EXERCISE GOAL ▸ For this exercise, output the entries below exactly from the line that holds "Girls' Ruby Skort" to the line that holds "Photo of Others in Dubai", both ends included. No pictures belong in the copy.

GIVEN RECORDS ▸
━━━━━━━━

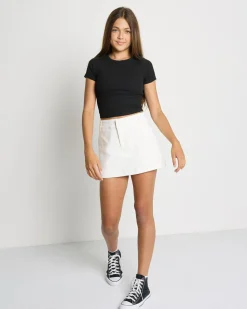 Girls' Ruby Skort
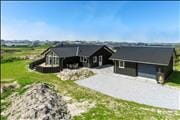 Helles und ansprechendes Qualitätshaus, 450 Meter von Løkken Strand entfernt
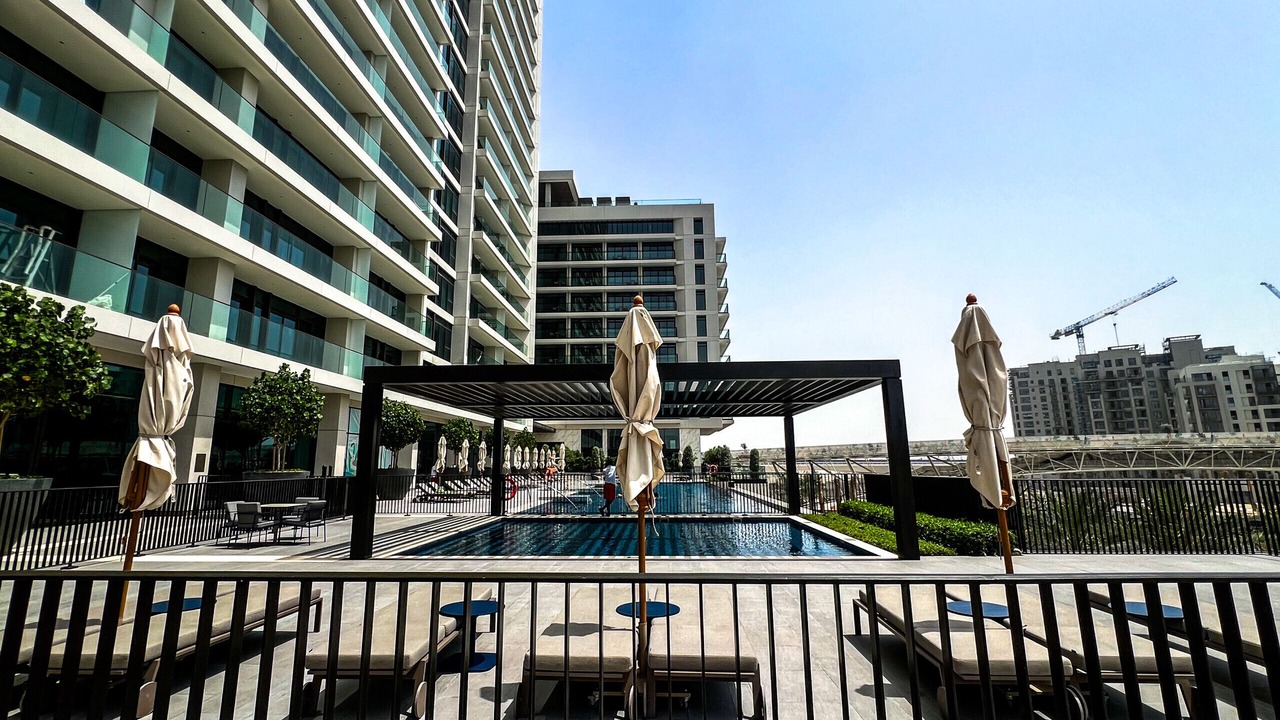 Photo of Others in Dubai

━━━━━━━━

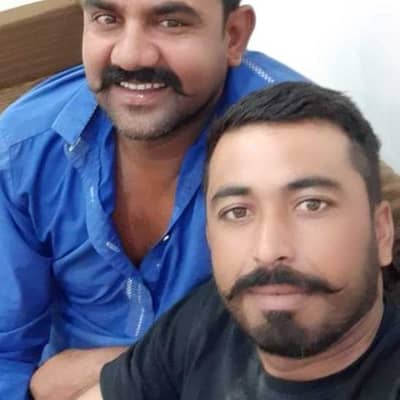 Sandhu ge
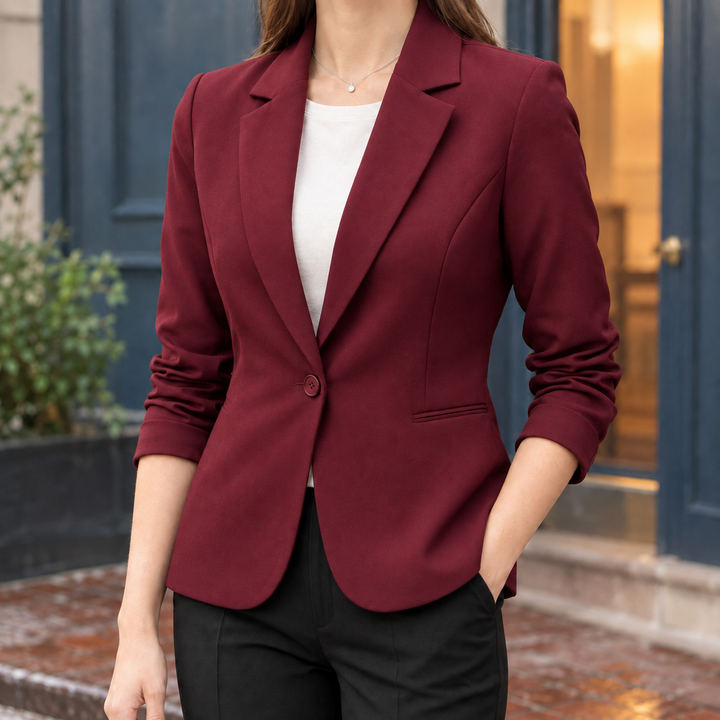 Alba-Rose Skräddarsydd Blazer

━━━━━━━━

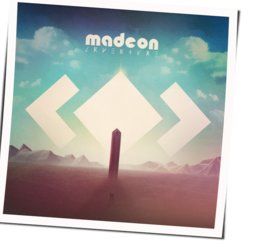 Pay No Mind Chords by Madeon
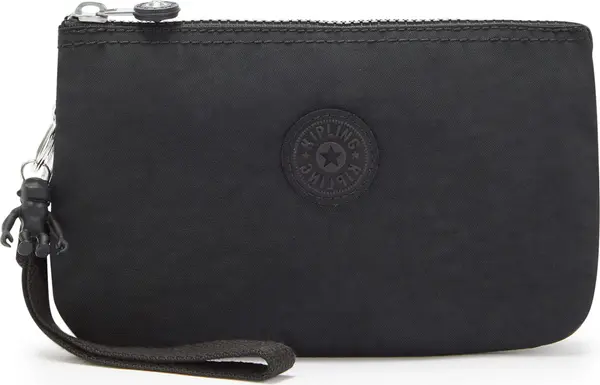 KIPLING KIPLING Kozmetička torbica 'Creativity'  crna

━━━━━━━━

ANSWER BELOW ▸
 Girls' Ruby Skort
 Helles und ansprechendes Qualitätshaus, 450 Meter von Løkken Strand entfernt
 Photo of Others in Dubai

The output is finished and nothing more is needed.